Dr Maria Varsam
The University of the Peloponnese, Greece
'Scapegoating, Nature and Nationhood in Dawn King's Foxfinder'
ABSTRACT: Dawn King’s Foxfinder (2011) is a dystopian play foregrounding surveillance, eco-catastrophe and political instability set in a near future England where a farming couple is visited by a ‘foxfinder’ who will determine their rights to landowning. The looming fear of eco-catastrophe forms the starting point of both the foxfinder’s political motivation and the farming community’s resistance. Furthermore, the issues of truth and faith are associated with eco-apocalypse and political alliances which in turn affect power relations, ethical agency and the use value of scapegoating - the consequences of which threaten to disturb the delicate balance between truth and falsehood, faith and doubt, life and death. The questions this play raises for the audience, therefore, revolve around the effects of violence at the psychic, social, religious and political level whereby the form of the dystopian narrative is the medium through which the dramatic word proposes a ‘utopian’ ending to the impasse presented.

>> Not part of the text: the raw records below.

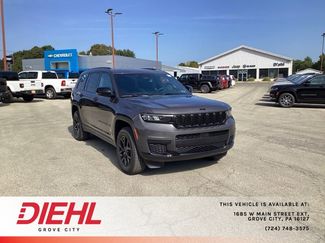 New 2025 Jeep Grand Cherokee L Altitude image 1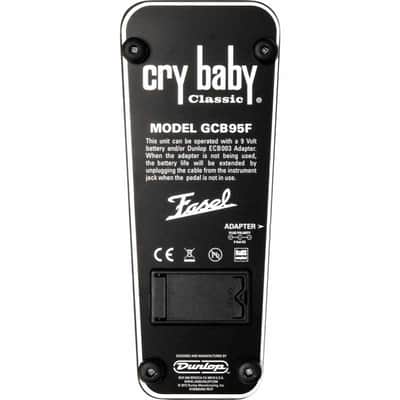Dunlop GCB95F CLASSIC FASEL image 6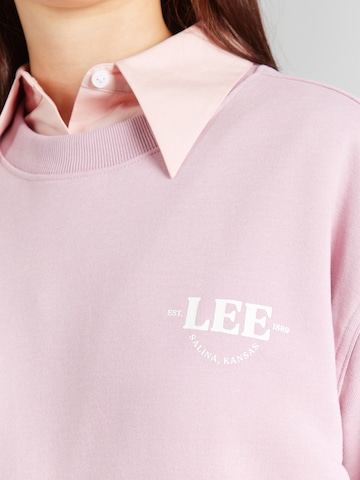 Lee Mikina - Fialová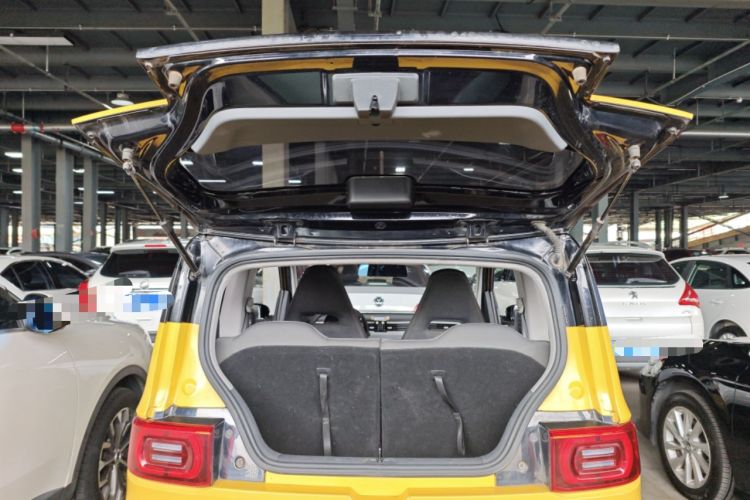 Used Wuling Hongguang MINIEV 2022 Macaron Premium Model – Lithium Iron Phosphate
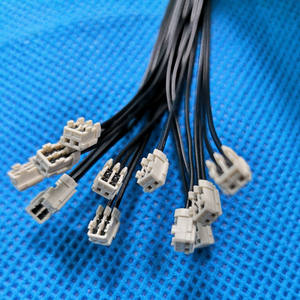 Tyco Te Idc 353293-2 2 <span class=keywords><strong>P</strong></span> Pin Way Connector Kabel Kabelboom - Product Image 5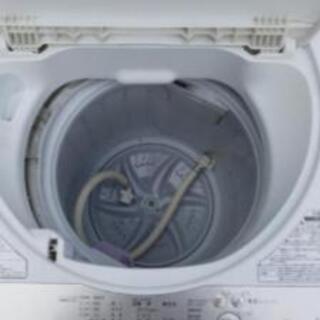 東芝、洗濯機4.2キロですの画像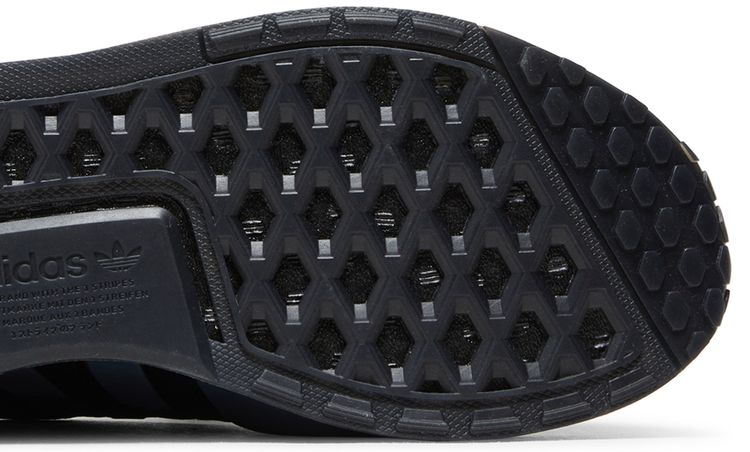 Adidas NMD V3 Black Blue Metallic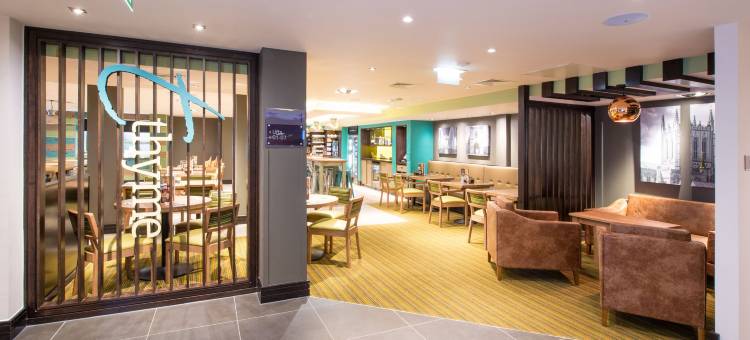 普瑞米尔贝里圣埃德蒙兹市中心酒店(Premier Inn Bury St Edmunds Town Centre)图片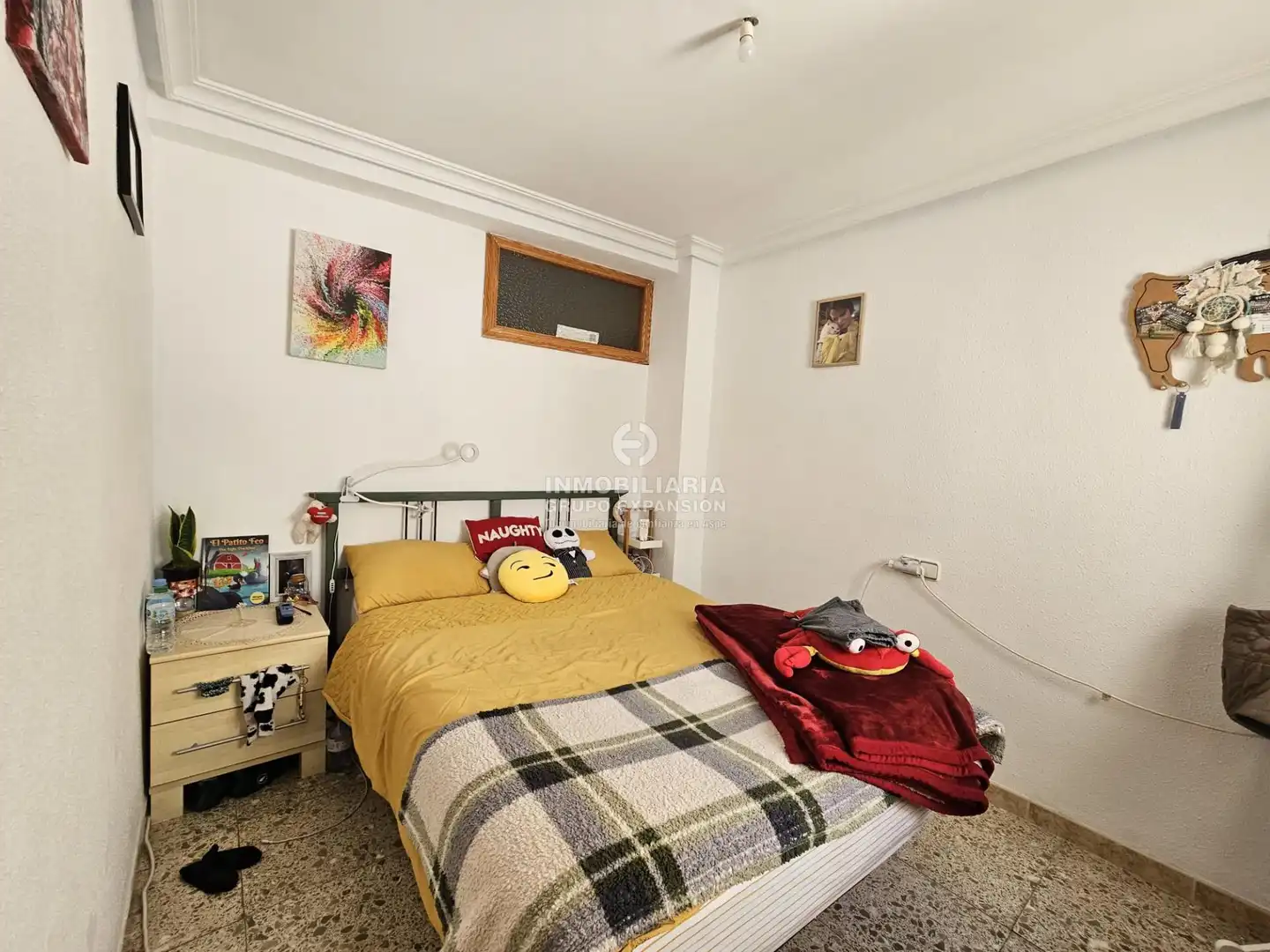 Habitación de Piso en venta en Aspe con Aire acondicionado, Calefacción y Terraza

Maria Varsam is a Lecturer at the University of the Peloponnese, in the Department of Performing and Digital Arts where she teaches courses in American and British Drama, Gender and Performance and EAP. She holds an MA from Lancaster University, an MPhil from the University of Glasgow, and a Ph.D. from the University of Nottingham, with a doctoral thesis on Anglo-American Dystopias. Her research interests are in dystopian fiction, trauma studies, neo-slave narratives, the Bible as literature, friendship, and (self)sacrifice.